Cardano is trading near $0.23, a level last seen in 2020, as a combination of weak derivatives data and bearish technicals weighs on the asset. ADA has now posted three consecutive weekly losses, and futures open interest on Binance has plummeted to $98 million – down sharply from a May 11 peak of $128.97 million. The long-to-short ratio on the exchange sits at 0.70, below the neutral 1.0 mark, indicating traders are positioned more for further declines than a rebound.
Price action remains firmly under the key exponential moving averages: the 50-day EMA at $0.255, the 100-day at $0.275, and the 200-day at $0.347. The monthly RSI is at 38.92 with its signal line at 46.78, sustaining bearish momentum on the longer timeframe. ADA has been testing a support line that has held since 2020 – the same floor that preceded the rally to $3.00 in 2021. Each subsequent bounce from this line has produced a lower high: $1.30 after the 2024 recovery, and now the price is back at the line for a third time.

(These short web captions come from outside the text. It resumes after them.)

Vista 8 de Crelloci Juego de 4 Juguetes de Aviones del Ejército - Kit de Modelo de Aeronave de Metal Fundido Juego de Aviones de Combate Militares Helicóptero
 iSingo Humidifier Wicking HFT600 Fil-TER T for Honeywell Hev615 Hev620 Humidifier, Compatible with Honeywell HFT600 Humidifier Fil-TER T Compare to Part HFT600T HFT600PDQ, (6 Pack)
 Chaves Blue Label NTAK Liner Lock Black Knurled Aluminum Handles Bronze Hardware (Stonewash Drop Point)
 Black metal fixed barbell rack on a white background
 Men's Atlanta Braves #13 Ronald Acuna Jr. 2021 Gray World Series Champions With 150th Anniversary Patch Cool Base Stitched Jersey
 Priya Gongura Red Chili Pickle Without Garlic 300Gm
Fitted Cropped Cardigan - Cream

While charts point to a fragile situation, on-chain data from Santiment tells a different story. Wallets holding at least 1 million ADA now collectively control 25.11 billion ADA, the highest amount since December 2017, and 67.49% of total supply – the highest concentration since July 2020. The last time millionaire wallets held this much supply was right before the historic 2020-2021 rally. These large holders are accumulating at the same price levels that preceded ADA’s largest run, even as the pattern of lower highs continues.
Key scenarios remain split: if the $0.23 support holds, a recovery toward the $0.29–$0.30 resistance zone becomes possible, especially if Bitcoin rallies. A clean break below $0.23, however, exposes the low-$0.20 area and potentially even pre-2020 territory below $0.10, erasing five years of macro floor. The coming monthly close will be pivotal in determining whether the accumulation by whales can overcome the persistent technical weakness.